In the incident, which affected 467 individuals in Turkey, the disclosure of special category personal data in violation of the KVKK clearly demonstrates that the data controller failed to take the necessary technical and administrative measures.
In conclusion, the violations highlight the importance of data controllers establishing an effective monitoring mechanism not only for their own systems but also for the systems of the data processors they engage and the systems of their affiliated group companies. In our opinion, data security should be evaluated in conjunction with technical capacity, organisational responsibility, awareness, and contractual protection.
PUBLIC ANNOUNCEMENT
E-Notification Application Has Been Implemented for the Notification of Administrative Monetary Penalties!
In accordance with Article 18 of the Law, in the announcement regarding the notification of administrative monetary penalties imposed by the Board, within the scope of Article 26/4 of the Law No. 5326 on Misdemeanours, the technical infrastructure enabling the notification of administrative penalty decisions in electronic environment has been completed within the framework of the protocol signed between the Authority and the Ministry of Treasury and Finance, and the notification of administrative penalty decisions has been implemented. Within the framework of the protocol signed between the Institution and the Ministry of Treasury and Finance, the technical infrastructure enabling the notification of administrative penalty decisions in electronic form has been completed and the E-Notification Application of the Revenue Administration Presidency has been put into use. Accordingly, administrative fines to be imposed on taxpayers’ data controllers will be notified through the E-Notification system in the future.
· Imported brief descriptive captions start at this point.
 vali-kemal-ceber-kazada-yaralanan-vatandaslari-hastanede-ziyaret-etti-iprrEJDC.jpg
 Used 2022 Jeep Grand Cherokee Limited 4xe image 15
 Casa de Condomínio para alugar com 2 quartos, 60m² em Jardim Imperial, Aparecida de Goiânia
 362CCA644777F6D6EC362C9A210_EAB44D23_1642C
However, notifications for data controllers who do not have a tax registration or whose registration has been deleted will continue to be made by traditional methods in accordance with the provisions of the Notification Law No. 7201. This change is an important development in terms of ensuring that administrative sanctions are communicated to their recipients in a faster and more effective manner, and reminds data controllers of the importance of keeping their tax registration information up to date.
BOARD DECISION
Principle Decision No. 2025/1072 on the Sending of Verification Codes via SMS
The Personal Data Protection Authority, through its Decision No. 2025/1072 dated 10 June 2025, made important findings regarding the processing of personal data through the sending of verification codes via SMS during the provision of products or services. The Decision focuses on the illegality of widespread practices where individuals’ contact information is requested for verification purposes during payment, registration, and membership processes, but this verification is used to obtain commercial electronic communication consent.
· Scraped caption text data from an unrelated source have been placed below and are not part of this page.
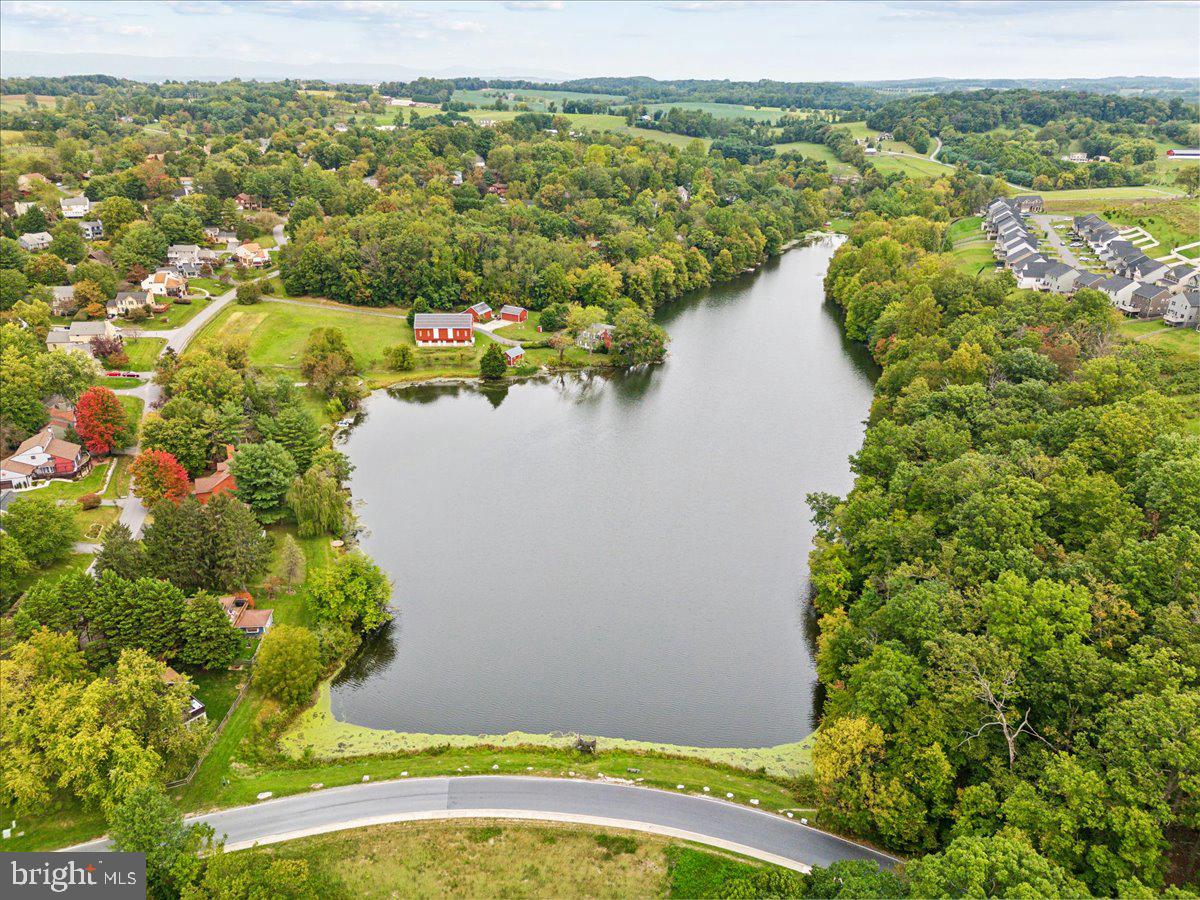 VILLAS LAKE ANITA LOUISE - Residential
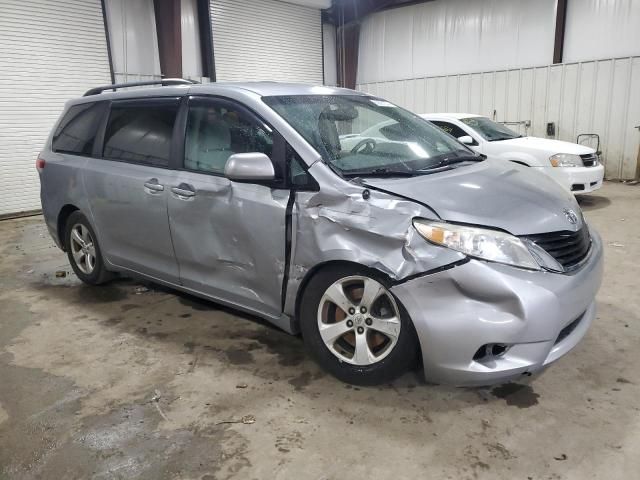 2013 Toyota Sienna LE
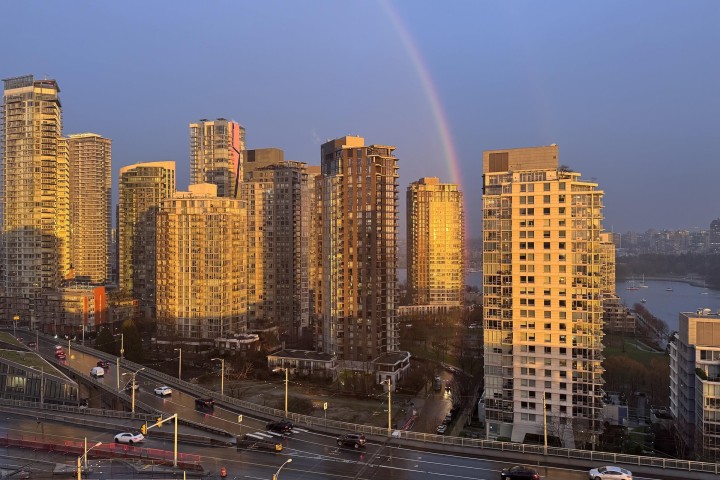 Photo 3 at 2207 - 1500 Howe Street, Yaletown, Vancouver West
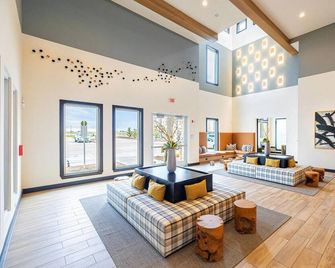 Landing | Chic 3bd, Gym - Terrell - Lobby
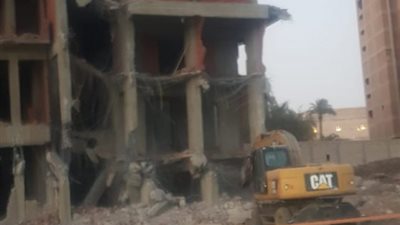 بعد أكثر من 12 عمل متواصل.. حملة مكبرة تزيل برج مخالف على نهر النيل في المنيا (صور)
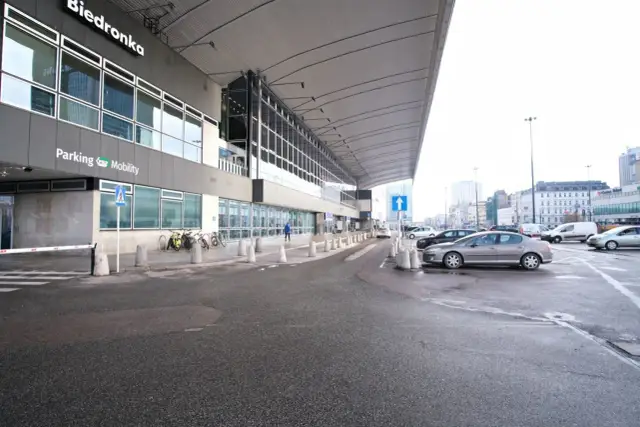 Jak wjechać na parking przy Dworcu Centralnym bez problemów?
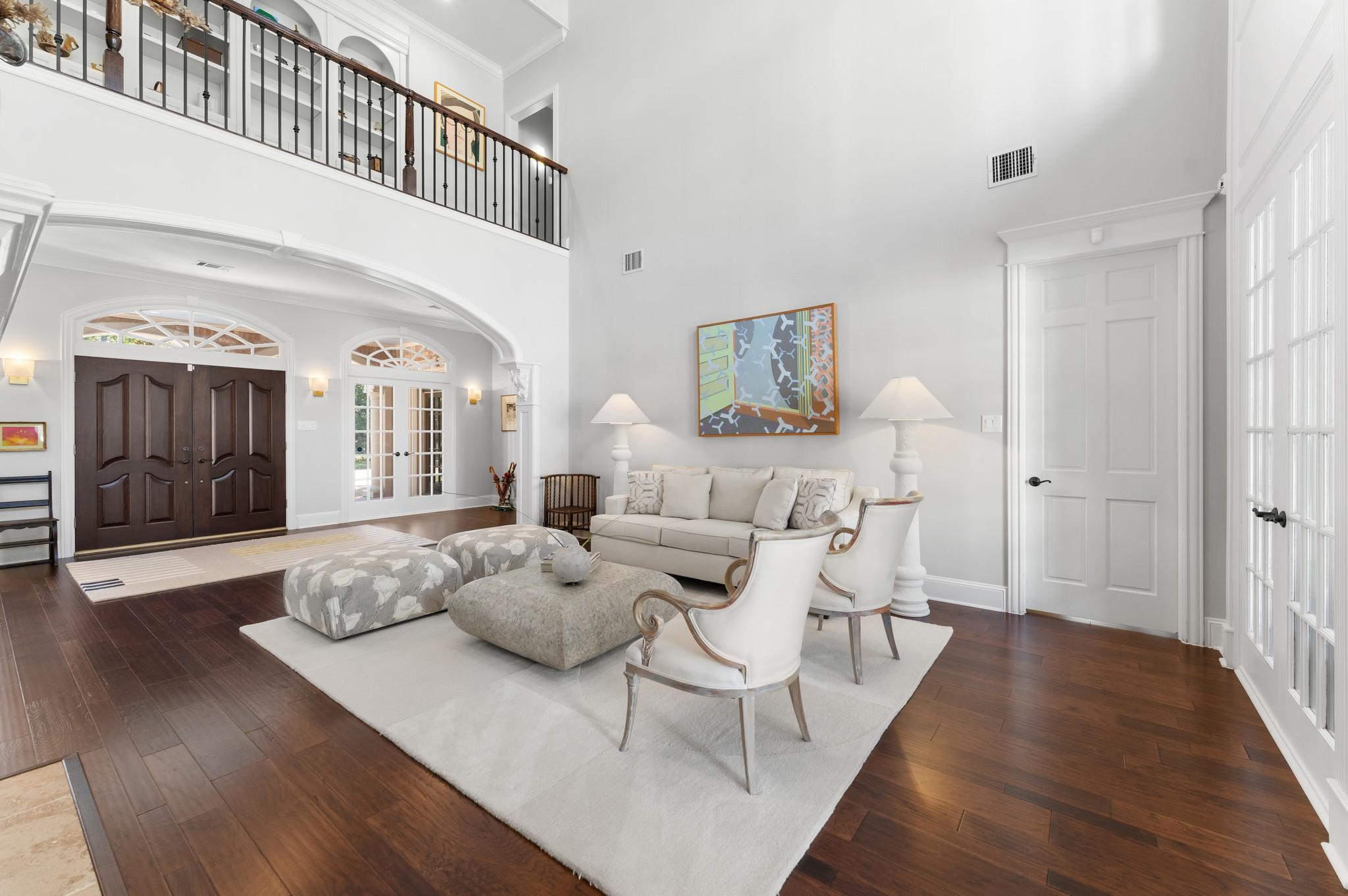 10401 Treeridge Place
The Board emphasised that explicit consent must be specific to a particular matter, informed, and based on free will; it stated that making consent a prerequisite for a service would eliminate free will. The Principle Decision also details the legal boundaries for using SMS verification processes as a means of obtaining explicit consent for the sending of commercial electronic communications, the obligation to provide information and obtain explicit consent independently and separately, and the training and internal audit obligations for data controllers.